Highly fragmented reference genomes (with thousands or more short contigs or scaffolds) have been a persistent challenge for our small RNA-seq analysis program ShortStack. During a run, ShortStack needs to retrieve genomic sub-sequences for analysis of predicted RNA secondary structure. This is required to identify MIRNA hairpins. Early on I made the decision to use the samtools faidx function as the engine to retrieve genome sub-sequences. This was just pragmatic and lazy .. samtools was already required for other portions of ShortStack’s analysis, and there wasn’t a need to reinvent the wheel. However, when we started to do runs against highly fragmented genome assemblies, we found analysis was very slow. The slowness was traced to the samtools faidx function, which is very sensitive to the number of contigs/references.
The first attempt to fix this issue was in version 3.0, when I introduced the use ‘genome-stitching’. When the reference genome had more than 50 sequences, and some were < 1Mb in size, the references were ‘stitched’ together into larger assemblies of at least 5Mb each. This worked very well to speed up the process of MIRNA searching, but had some disadvantages:
- The end results (bam file, results, etc), were in the coordinate system of the ‘stitched’ genome, not the original. This was quite inconvenient for users.
- The reads had to be aligned to the ‘stitched’ genome, which necessitated building a new bowtie index — this added total time to the run.

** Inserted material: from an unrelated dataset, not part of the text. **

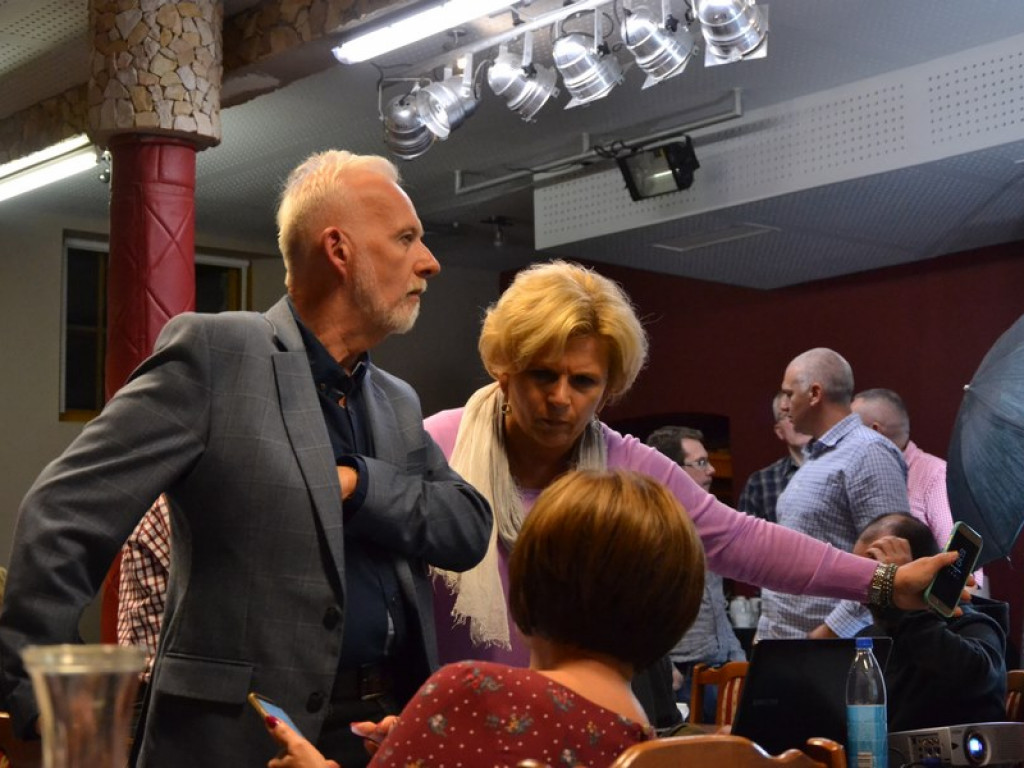 Wieczór wyborczy w sztabie Dariusza Bożka [Zdjęcia]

- I recently noticed a bug as well .. despite my efforts to prevent it, sometimes de novo small RNA clusters were found that spanned the junctions between ‘stitched’ genome segments.
In release 3.8, I’ve removed the drawbacks of the old stitching approach, while keeping the speed-up. The solution was simple and I’m kicking myself for not thinking about it earlier. Fragmented genomes are still stitched during the run (now into larger chunks, > 50Mb), but the stitched version is used only for sequence lookups. To get a sequence, the ‘real’ coordinates are converted to the ‘stitched’ coordinates, and the stitched genome used for the samtools faidx query. This keeps the speed up in retrieving sequences for folding, but the results are still reported in the original genome’s coordinate system. This approach eliminates all 3 of the problems listed above.

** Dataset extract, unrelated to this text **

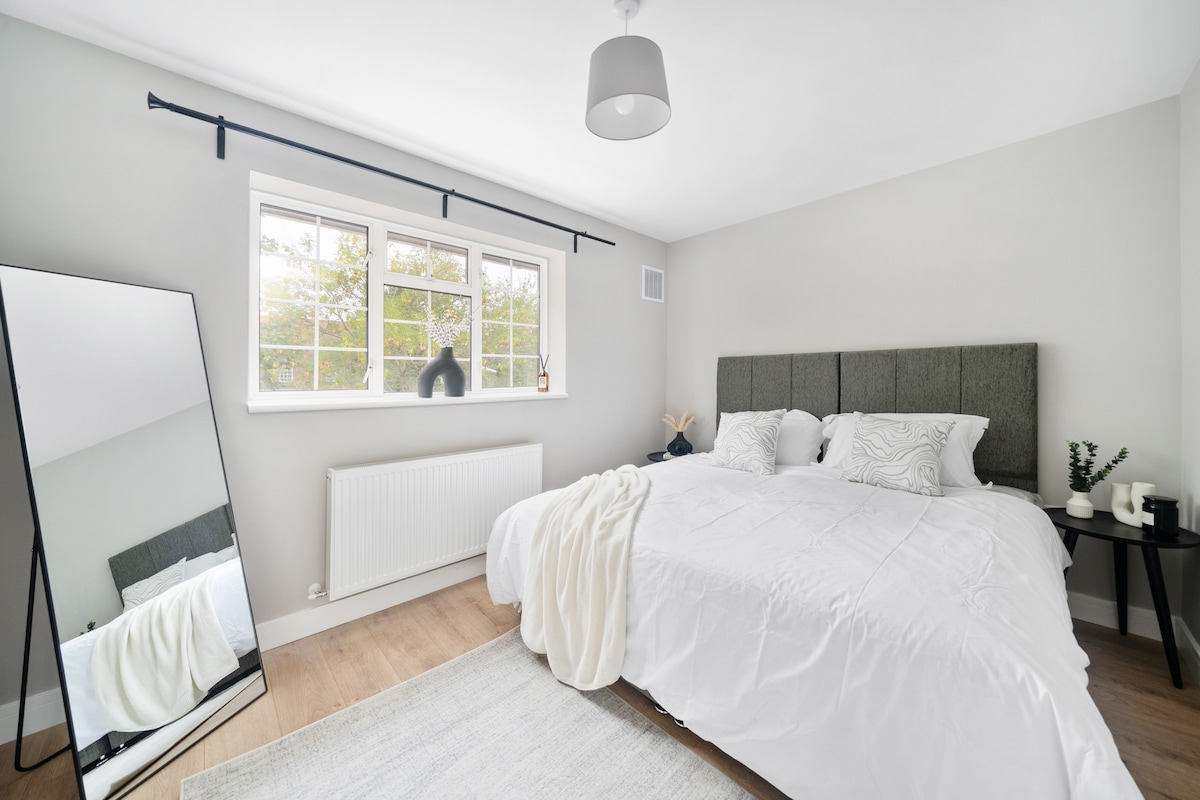 Chumba hiki cha kulala chenye anuwai hubadilika kulingana na mahitaji yako na kitanda cha ukubwa wa kifalme ambacho kinaweza kugawanywa katika sehemu mbili ndogo. Inafaa kwa wanandoa, marafiki, au familia, inahakikisha usingizi wa starehe wa usiku wenye uwezo wa kubadilika ili kuendana na kila aina ya ukaaji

To demonstrate the speed-up, I compared the performance of 3.8 to 3.7.2 run with nostitch with the following conditions, using a highly fragmented reference genome I’m working on with a collaborator at the moment:
- Reference genome: 382,375 scaffolds, totaling 3.75Gb of sequence. bowtie indices pre-built.

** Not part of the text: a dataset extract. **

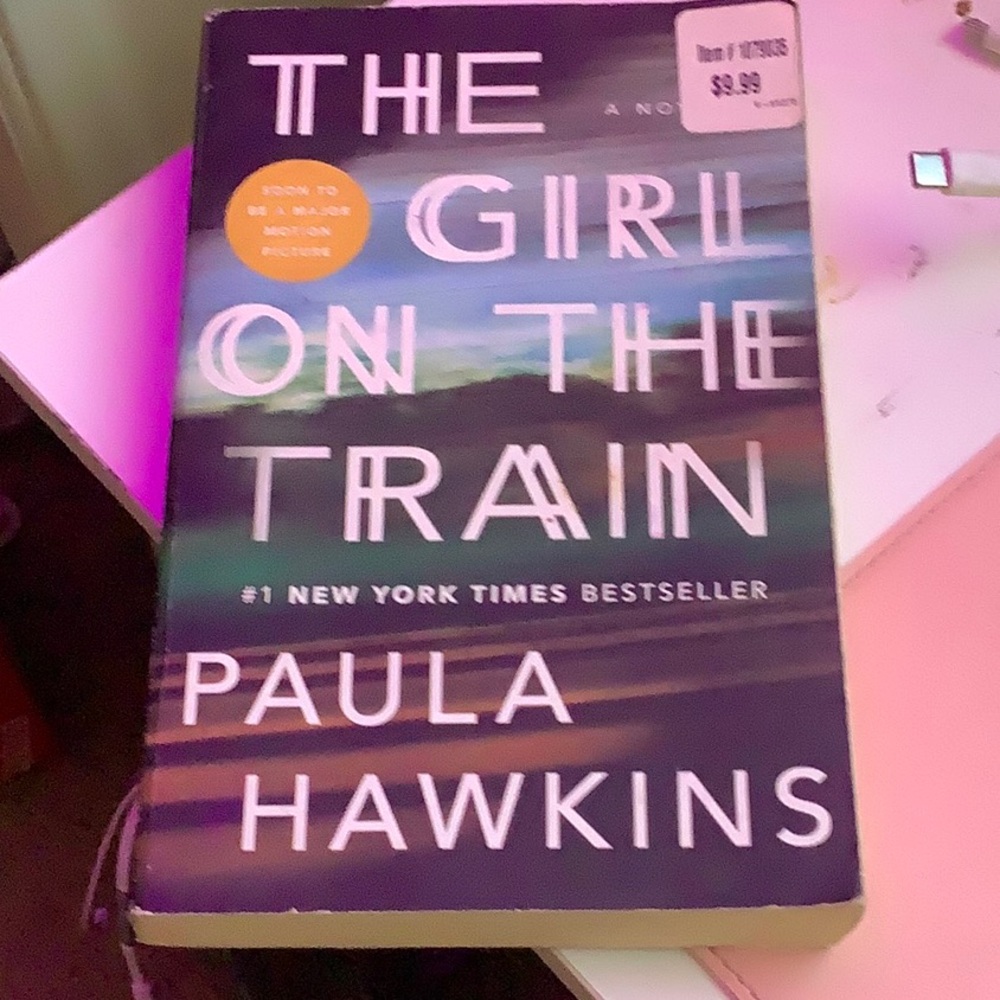 'The Girl on the Train' Book - Black Cover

- Alignments: 202,147,307 reads (pre aligned in single bam file).
- mincov = 0.5rpm
- 3.7.2 (under nostitch) : 3 hrs, 14 minutes
- 3.8 (improved stitch, still reporting in original coordinates): 1 hr. 13 minutes
So, the performance gain is clear, nearly three times as fast. Because so many new genome assemblies are highly fragmented drafts, this performance enhancement may matter to many users.